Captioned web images
---+---

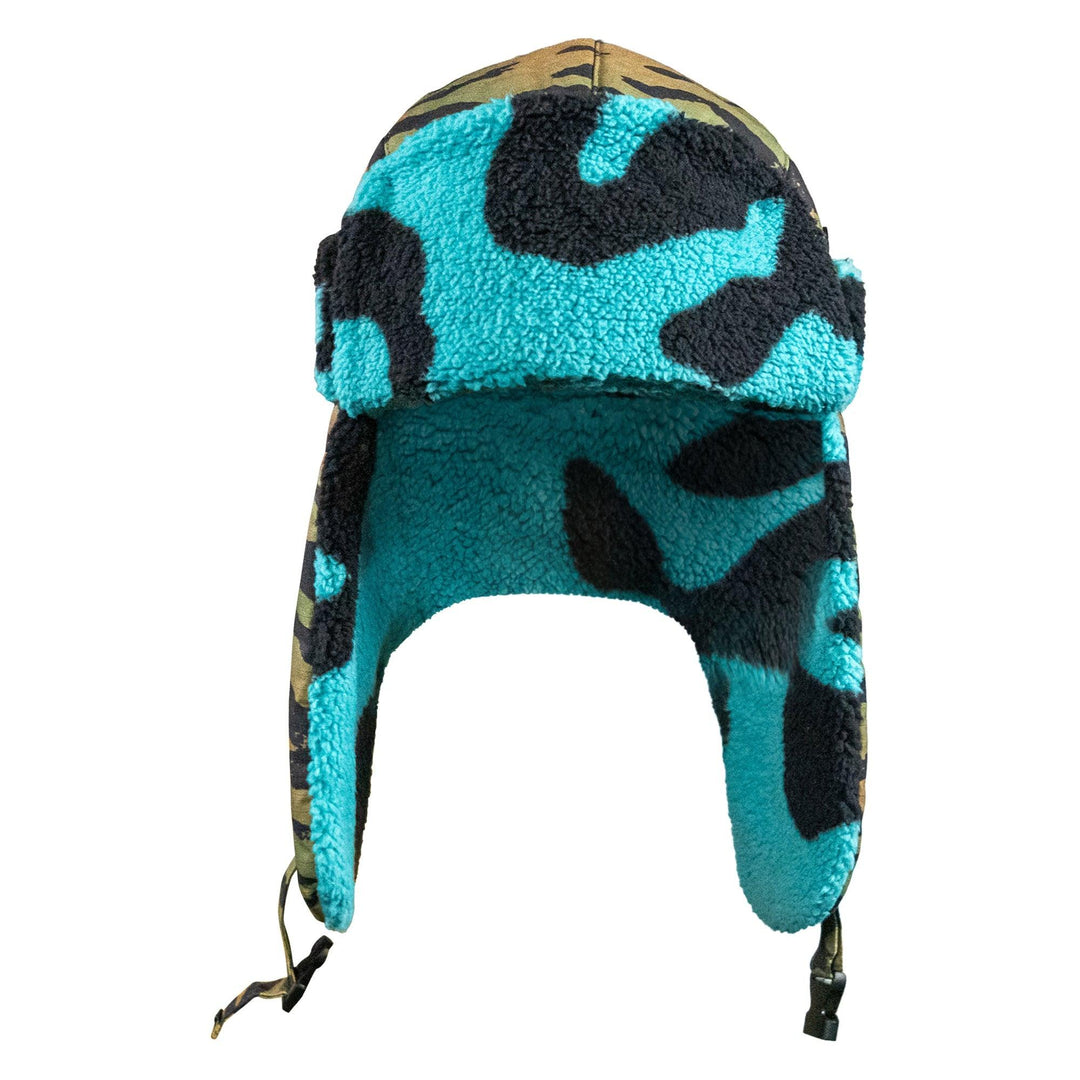 One Revolver Surfboards - Insulated Ripstop Trapper Hat – Cold Weather HEADWEAR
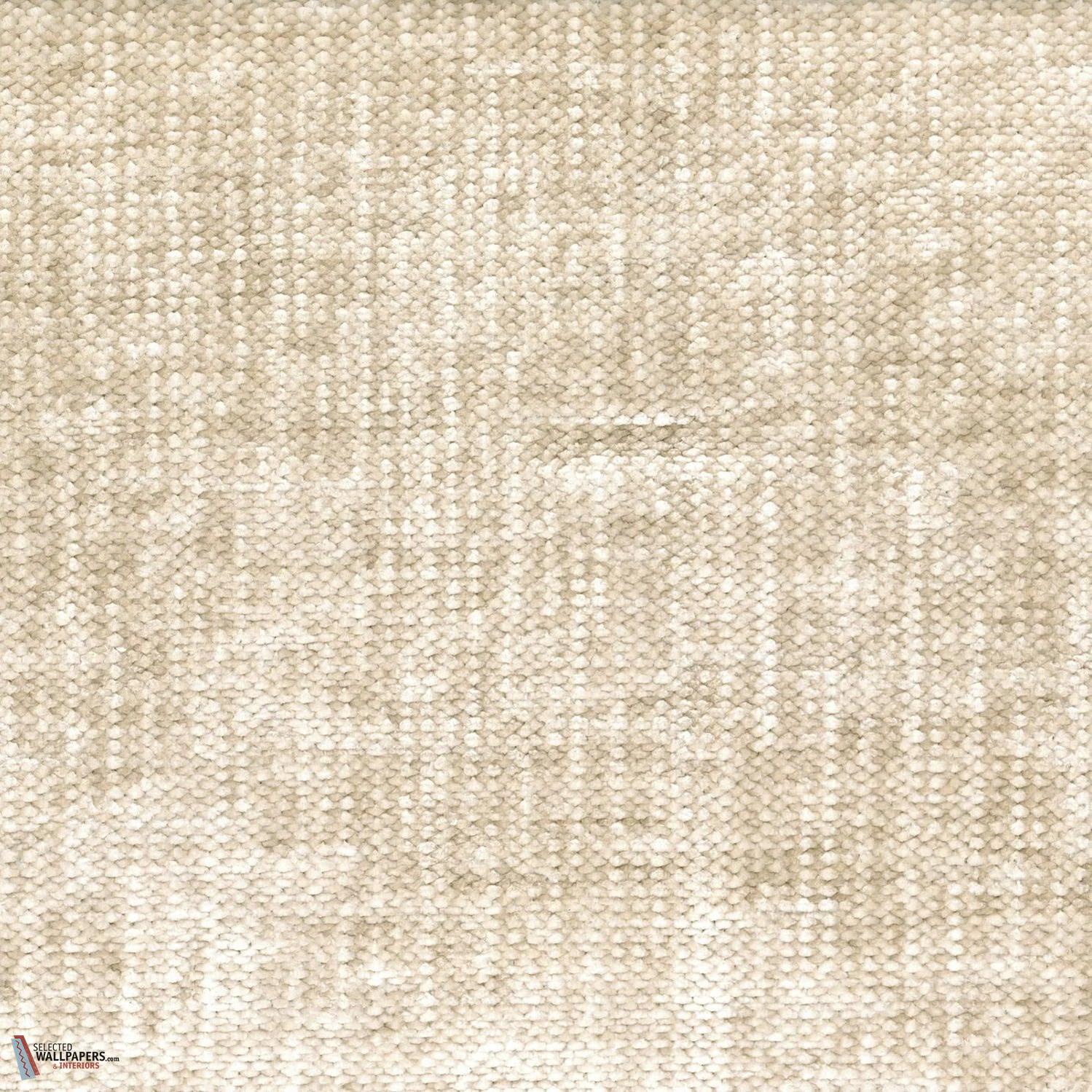 Demoiselle stof-Casamance-Beige poudre-Meter (M1)-Selected Wallpapers-Interiors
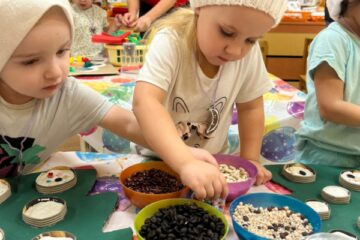 Atklātā nodarbība “Palīdzēsim rūķīšiem”. 6.grupa “Runcītis” 13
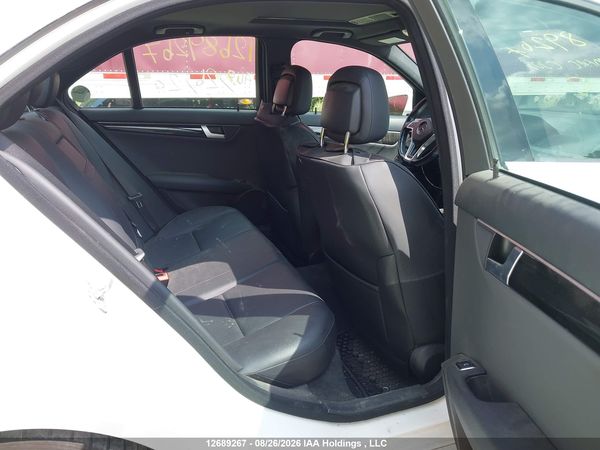 2014 MERCEDES-BENZ C 300 4MATIC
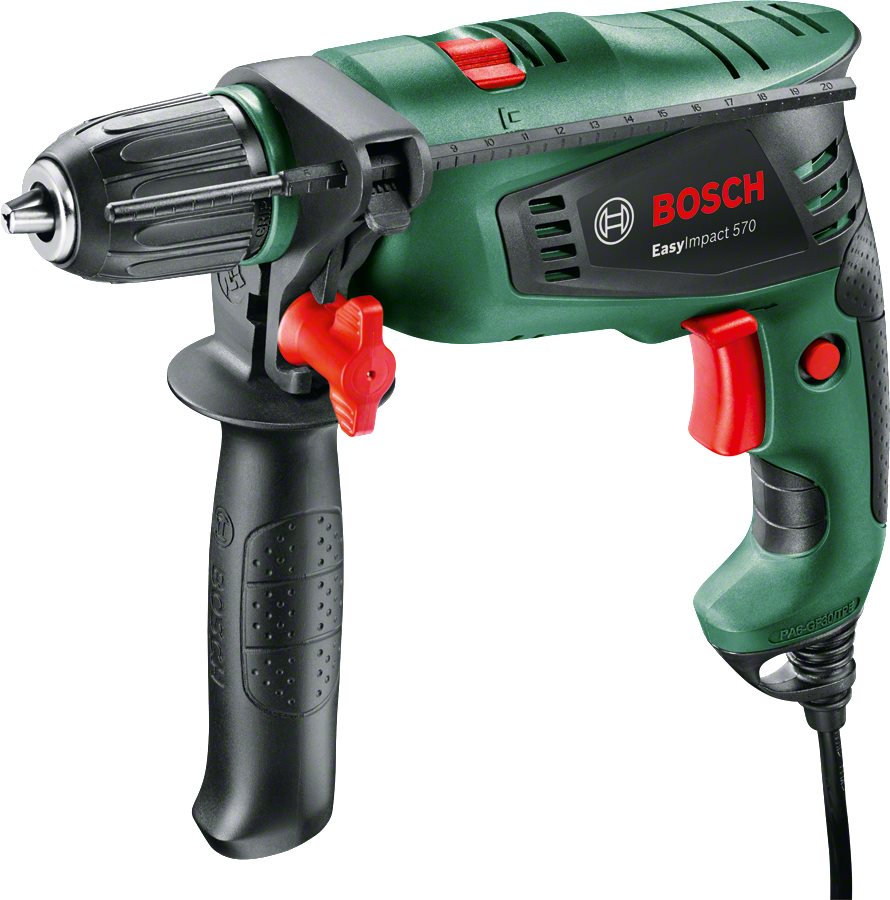 BOSCH EasyImpact 570 Drill alza.sk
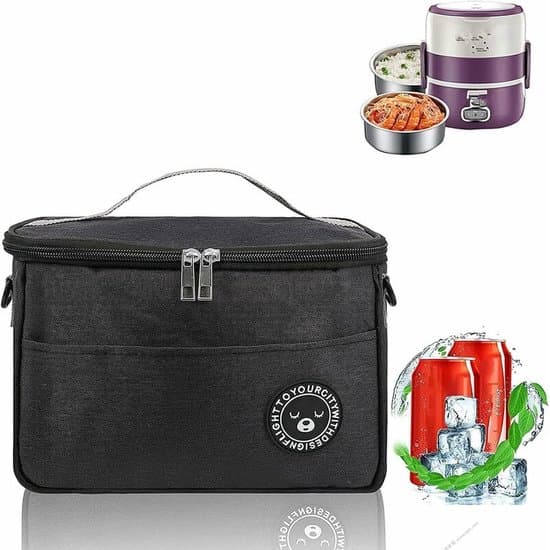 1 stk – Matpose – Piknikpose – Kjølebag – Isolert Matpose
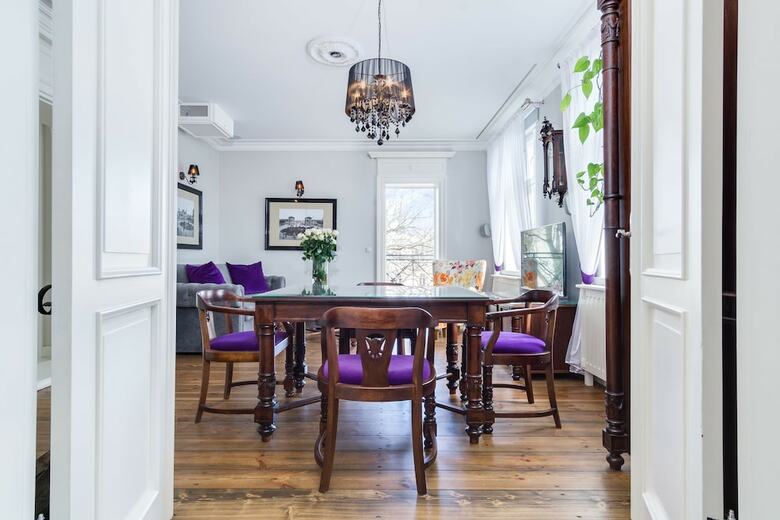Apartamento King Deluxe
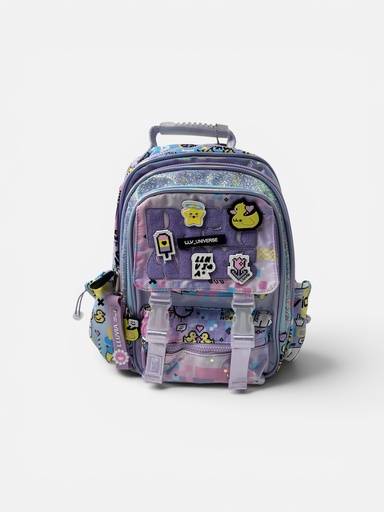 [LL25KBC15] Mochila LLUVIA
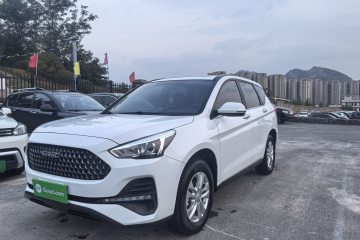 Used Haval M6 2019 1.5T DCT Two-Wheel Drive Value Edition China VI Standard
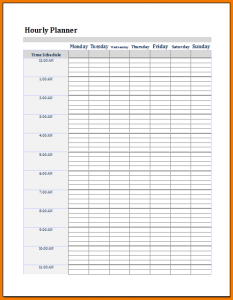 simple budget planner hourly planner hourly planner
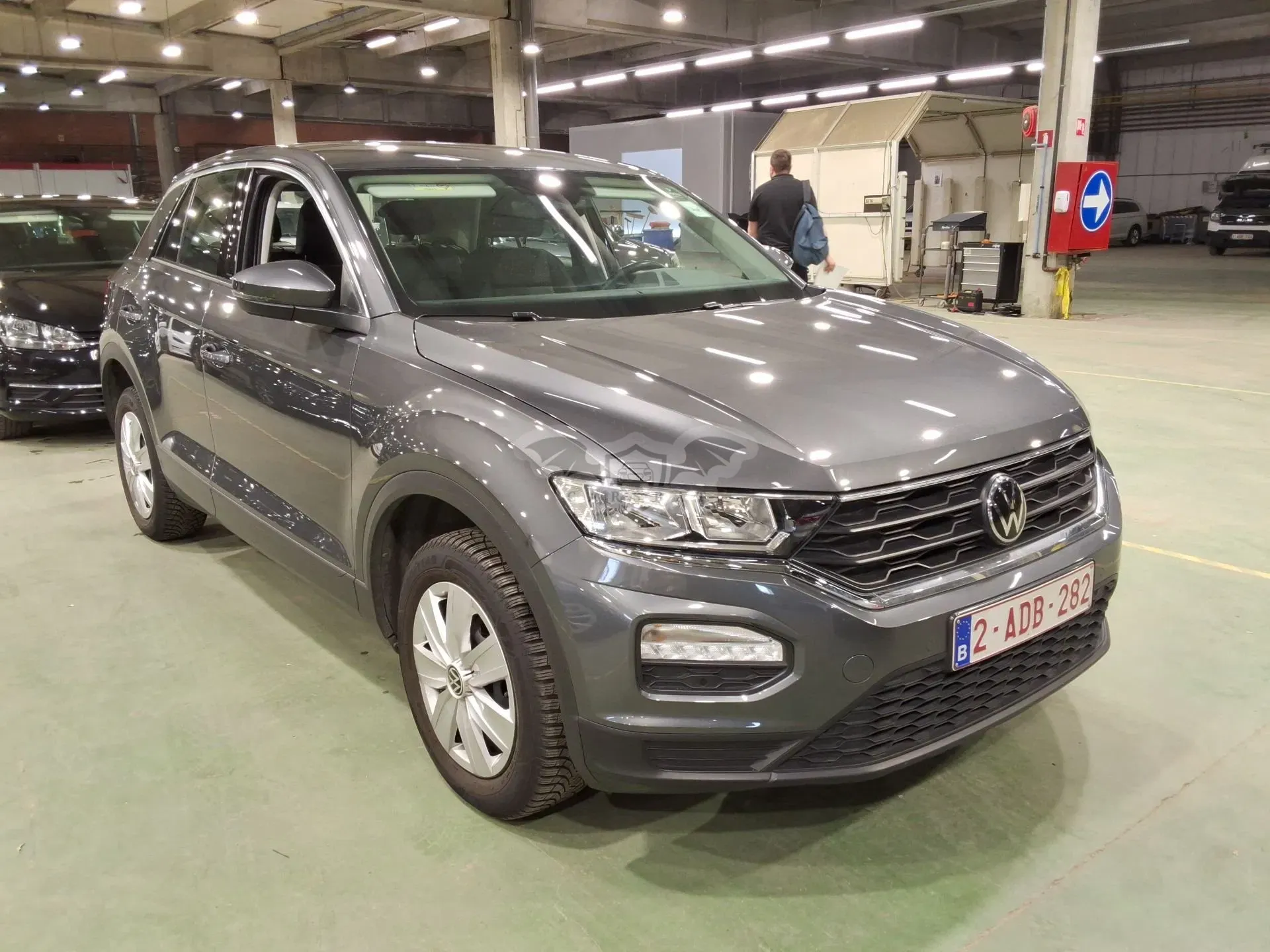Volkswagen T-ROC 1.5 TSI 2021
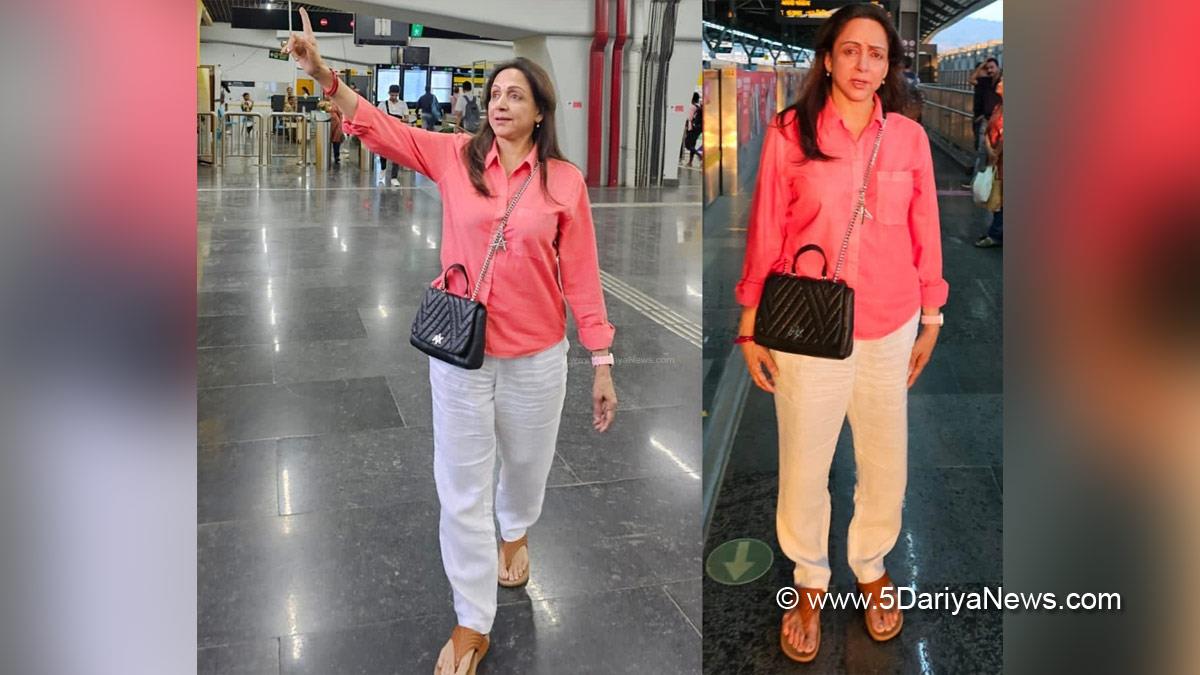 Bollywood, Entertainment, Mumbai, Actor, Actress, Cinema, Hindi Films, Movie, Mumbai News, Heroine, Dreamgirl, Hema Malini , Hema Malini Metro, Hema Malini  Mumbai Metro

---+---

■ EXERCISE AIM
Word for word, write out the lines from the top of the records above down to the line holding "Apartamento King Deluxe", inclusive, but not the pictures.

■ TASK OUTPUT
 One Revolver Surfboards - Insulated Ripstop Trapper Hat – Cold Weather HEADWEAR
 Demoiselle stof-Casamance-Beige poudre-Meter (M1)-Selected Wallpapers-Interiors
 Atklātā nodarbība “Palīdzēsim rūķīšiem”. 6.grupa “Runcītis” 13
 2014 MERCEDES-BENZ C 300 4MATIC
 BOSCH EasyImpact 570 Drill alza.sk
 1 stk – Matpose – Piknikpose – Kjølebag – Isolert Matpose
Apartamento King Deluxe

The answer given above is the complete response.